Au final, tout ça ne reste que de l’amour. Taïpan remet les choses à sa place: « Ce n’est pas bien sérieux, il y a des gens qui se font tirer dessus en Syrie. Ça, ce n’est pas bien sérieux et il faut le relativiser. Faut juste rigoler. Le RC10, c’est une soirée où j’ai chialé de rire sur trop de rimes. Franchement je ne pensais pas qu’on pouvait dire autant de choses sur la chatte d’une daronne, c’est fou quoi. C’est surprenant qu’on arrive à se renouveler autant. À un moment on s’est dit toutes les saloperies qu’il y a moyen de se dire mais on arrive quand même à chaque fois avec des choses à dire sur la chatte des mamans. C’est ça qui est fascinant. Les premières éditions, les mecs c’était des pionniers. Depuis les gars viennent à chaque fois avec des nouvelles idées, des nouvelles façons de poser, des nouvelles façons de dire des vannes et de créer des personnages. »
Ses propres personnages, son propre public, sa propre histoire, et aussi son propre gimmick. Alors, d’où vient ce fameux « genre historique » que l’organisateur scande à chaque entame de battle pour galvaniser la foule ? « Il y a un moment gênant lors du premier battle que j’ai présenté. Je dis : ‘Ça va être genre historique.’ Mais en le disant, je me suis dis dans ma tête : ‘Mais t’es con de dire ça, si ça se trouve ça va être de la merde.’ (rires) Et je l’ai repris après, mais de manière ironique… Depuis c’est devenu le cri de guerre et de ralliement avec le public. Mais à la base, c’était une erreur de ma part et un truc qui m’a fait me sentir plutôt mal à l’aise. »

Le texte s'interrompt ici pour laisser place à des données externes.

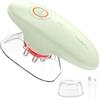 LeaderPro Massaggiatore Anticellulite Elettrico Professionale, con Massaggio a Ventosa, EMS e Luce Rossa, 3 Livelli Regolabili, 2 Coppette, per Corpo e Viso, Effetto Lifting, Rassodante e Circolazione, Verde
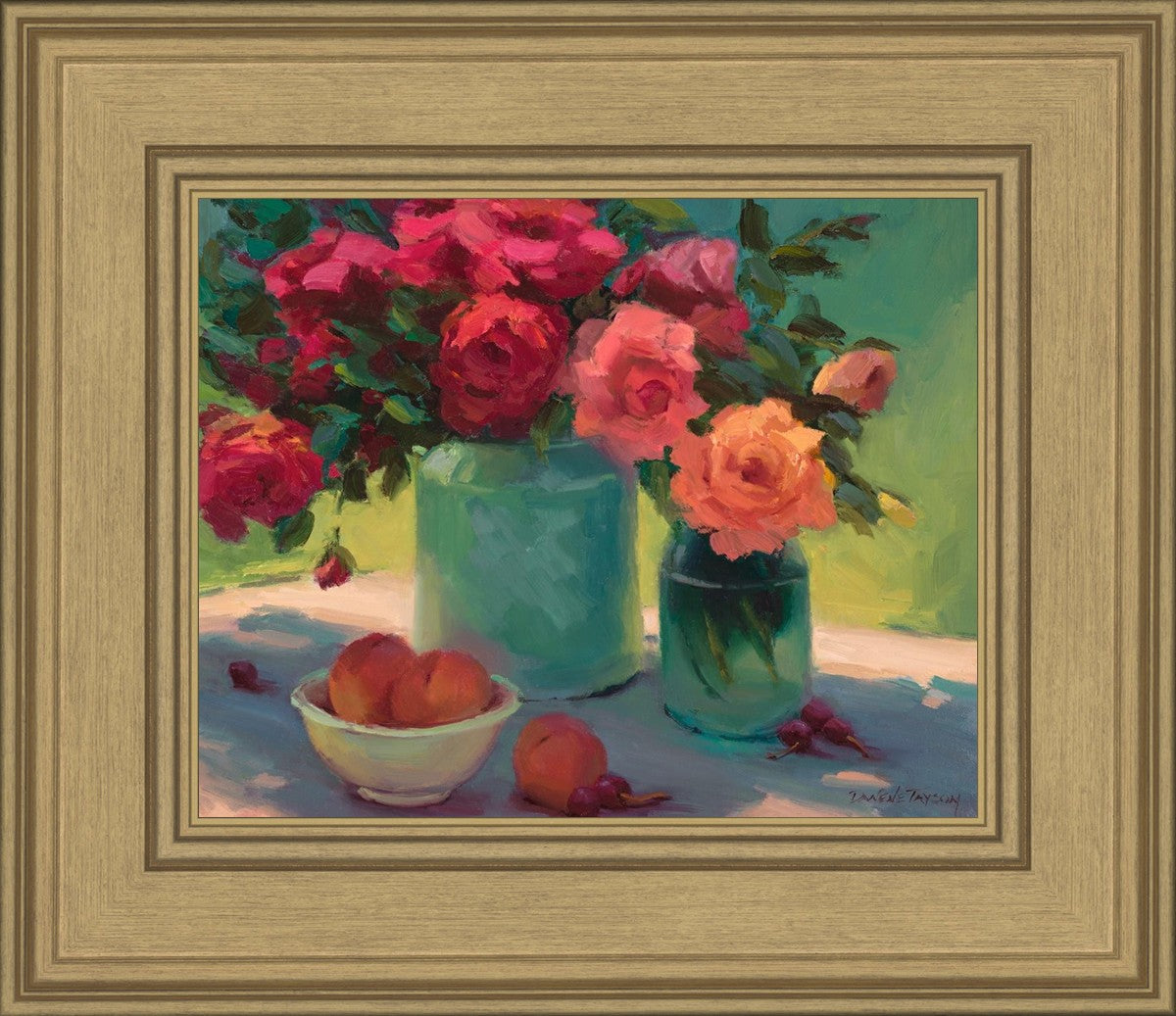 Roses In Early Light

Les blagues de cul, sur les mères et les petites amies ont donc encore un bel avenir devant elles. Parce que les battle MCs sont décidés à repousser les limites à chaque édition, à aller encore plus loin dans la conception de personnage, dans les vannes, dans la technique. De son côté, les RC ont prouvé qu’il pouvait aller encore plus loin dans l’organisation : de meilleurs montages vidéos, de meilleurs main event, de meilleurs rookies. Toujours est-il que l’édition 10 des Rap Contenders vient comme un superbe cadeau d’anniversaire pour ses cinq ans d’existence, pour ses créateurs autant que pour le public. Et si un jour les RC accèdent au prime-time d’M6 à la place d’Incroyable Talent, on sera les premiers à scander « genre historique » en le regardant dans le bar à chicha du quartier. Et à se demander ce qu’aurait fait Dony S si il avait reçu son visa à temps.